While this smoothed the path of the deal, it hasn’t been without its issues. Again, says Key, Ireland has proven a problem. “In Ireland we’ve been a bit slow to get off the mark,” he concedes, “which is disappointing. It’s been about corporate focus; we’ve needed to get both companies focused on that being one of the priorities.”

In Germany, he says, the two firms are “on track” but he explains that in markets where there is disparity between the sizes of the two networks (Telefónica is much smaller in Germany and much larger in Spain) the exercise is “more difficult”.

If symmetry is important, it is at least more readily available in the UK, where the network share deal is most advanced, Key says. His team has 1,700 new sites planned for the UK and 80 per cent of these will be shared with Vodafone. The two carriers have not yet declared the number of shared sites that have gone live and Key says that it is still too early to claim that there has been a step change in the customer experience across the board as a result of the programme.

Key is one of the less gung-ho carrier CEOs when it comes to the issue of network sharing. While some people have suggested that a single network is all a market needs, with operators competing on service and offering, Key still believes the network is an essential differentiator and the kind of passive share that he has with Vodafone is an economic necessity rather than an admission that the industry has moved beyond network competition, he says.

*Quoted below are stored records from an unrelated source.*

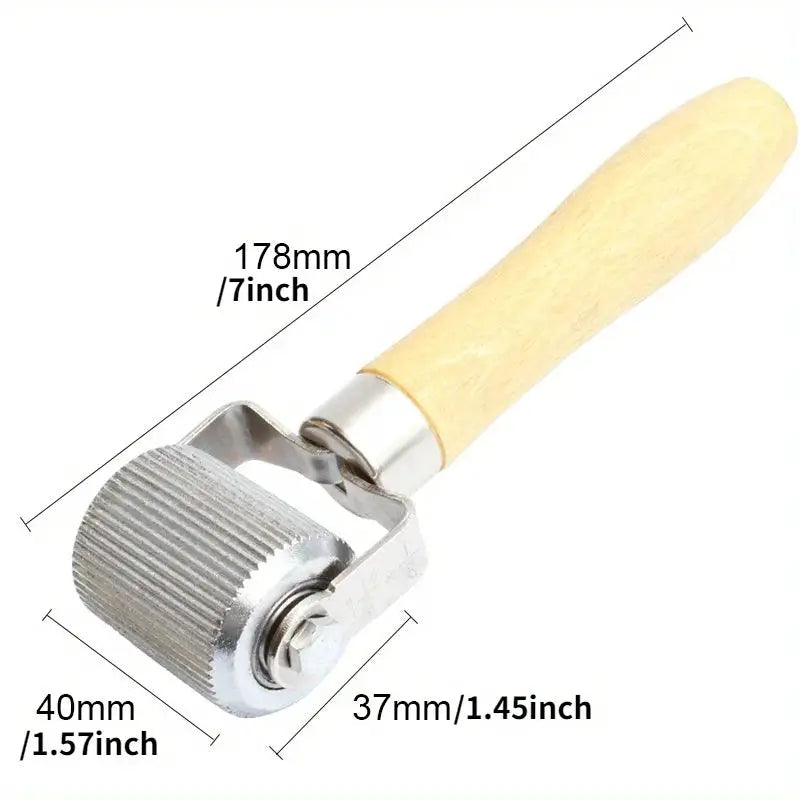 Car tire repair roller with wooden handle and metal head for wheel repairs.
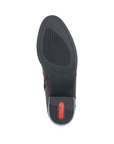 Black light treaded outsole with red Rieker logo on low block heel.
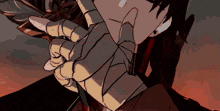 a close up of a person 's hand with a glove on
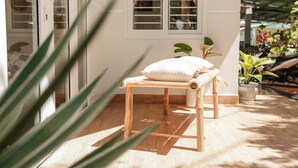 Een houten bank met kussen en een bloempot in een goed verlichte kamer met raam en deur.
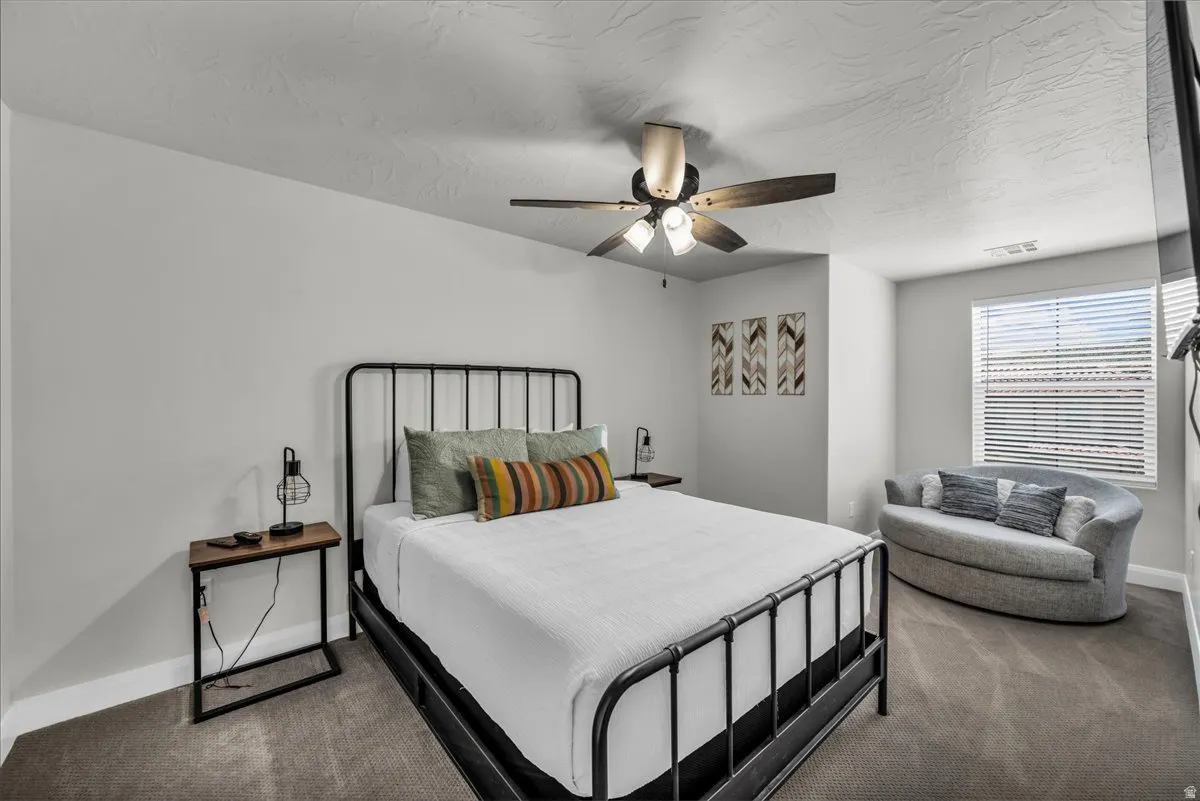 Carpeted room featuring a ceiling fan with integrated lighting, a large window with blinds, and light gray painted walls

“In this industry we’ve seen a ten per cent per annum price reduction to the consumer. Not many industries can go through that and not take a good, hard look at their cost base. But are we naturally cautious of giving away the crown jewels of customer experience? Yes we are,” he says.

Key argues that, while the first wave of network competition-based on coverage-has passed in many markets, a new phase, based on capacity and performance, has begun. For him, this makes the network an asset that must be owned, controlled, and protected. “We’re now going into the next stage of the industry where network will again start to be a differentiator, because of throughput. So it’s really important to be able to control your own roadmap of how fast you’re investing, and where. So if you are going to share, you have to be partnering with somebody who is very like-minded on investment.”

Performance has been a prickly issue for O2 in the UK, particularly in London, where Key says the network share deal will be less in evidence. The firm faced a good deal of criticism from angry customers last year as network performance in the UK capital took a dive. UK CEO Ronan Dunne even made an apology to users affected.

The finger of blame has been pointed at the carrier’s much trumpeted exclusivity deal for Apple’s iPhone, which has seen data usage rocket while the network has at times failed to keep pace. “Did the explosion in data usage take us by surprise? Yes it did,” he says. “Any company that has a throughput increase that doubles every three months is going to struggle to manage,” he adds by way of mitigation.

The boom in traffic wasn’t the only learning curve, with the way that the devices interact with the network proving to be “something that we’d never seen before.” He says. The clustering of iPhone users in London, where the press and analysts are also found in greatest density, he says, exposed O2 to criticism. “We had problems in London. Did we have them outside London? Not such that you would notice.”

AT&T, Apple’s partner for the iPhone in the US, has already said that it is going to introduce tiered pricing in a bid to deter excessive data consumption by a niche of high usage customers and Key concedes that this strategy is being discussed at O2 in the UK. While restricting usage is viewed by some commentators as disastrous from a customer service standpoint, Key argues that all customers deserve good service and the usage patterns of a few should not be allowed to impact the many.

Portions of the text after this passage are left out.